[SUPPLIED DATA Boundary: Start]
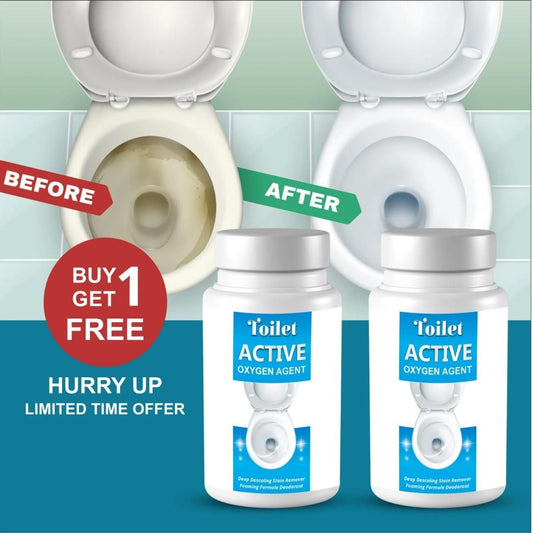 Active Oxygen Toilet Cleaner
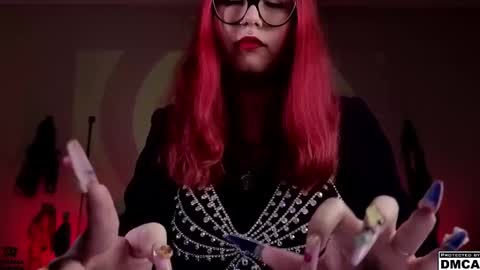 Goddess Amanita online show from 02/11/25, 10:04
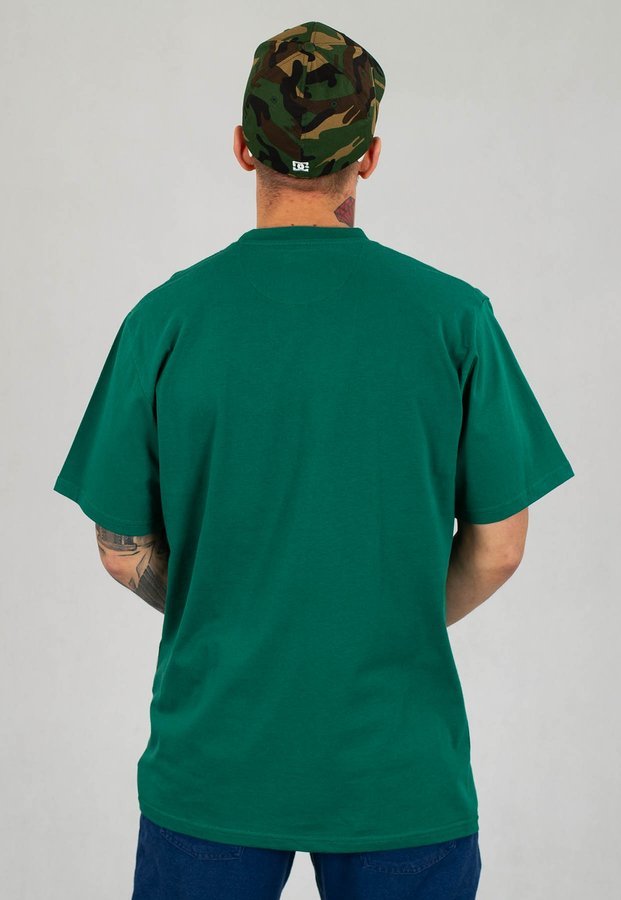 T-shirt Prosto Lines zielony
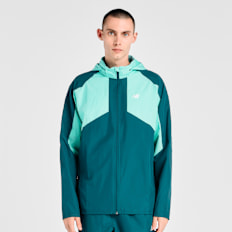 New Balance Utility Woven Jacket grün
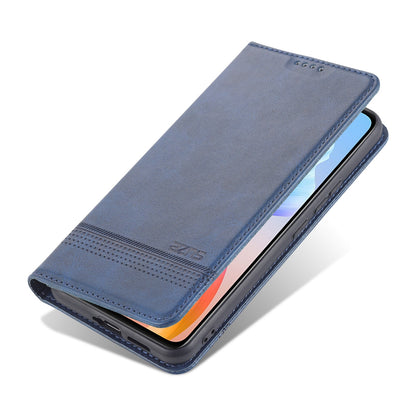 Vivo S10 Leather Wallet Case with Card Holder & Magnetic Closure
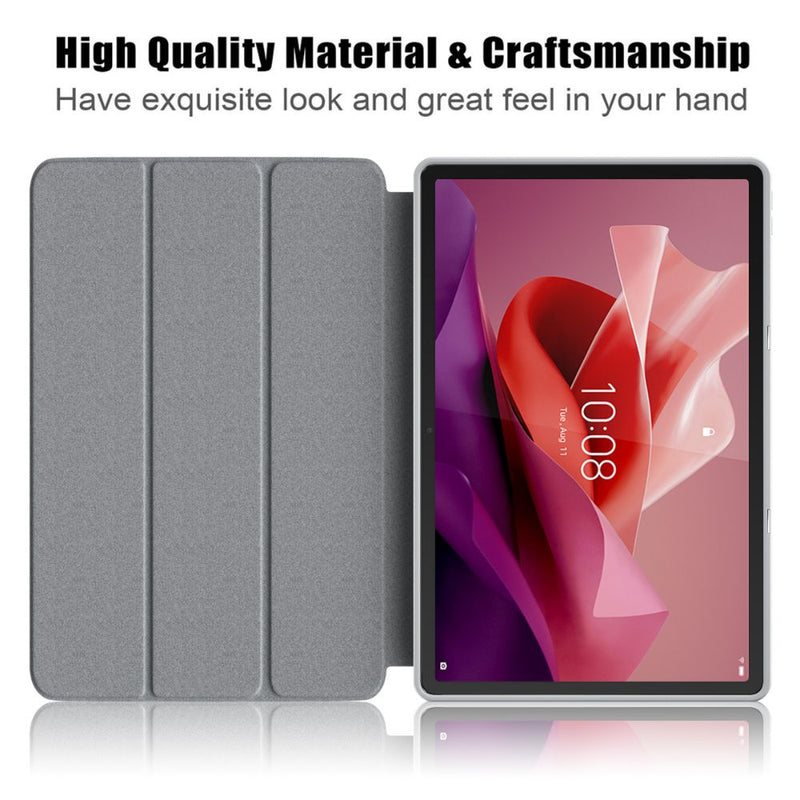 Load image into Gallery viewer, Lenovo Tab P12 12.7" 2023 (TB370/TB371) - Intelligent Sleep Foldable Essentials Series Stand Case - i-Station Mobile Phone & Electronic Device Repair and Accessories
[SUPPLIED DATA Boundary: End]
Could you return the listing above exactly, minus its pictures?

 Active Oxygen Toilet Cleaner
 Goddess Amanita online show from 02/11/25, 10:04
 T-shirt Prosto Lines zielony
 New Balance Utility Woven Jacket grün
 Vivo S10 Leather Wallet Case with Card Holder & Magnetic Closure
 Load image into Gallery viewer, Lenovo Tab P12 12.7" 2023 (TB370/TB371) - Intelligent Sleep Foldable Essentials Series Stand Case - i-Station Mobile Phone & Electronic Device Repair and Accessories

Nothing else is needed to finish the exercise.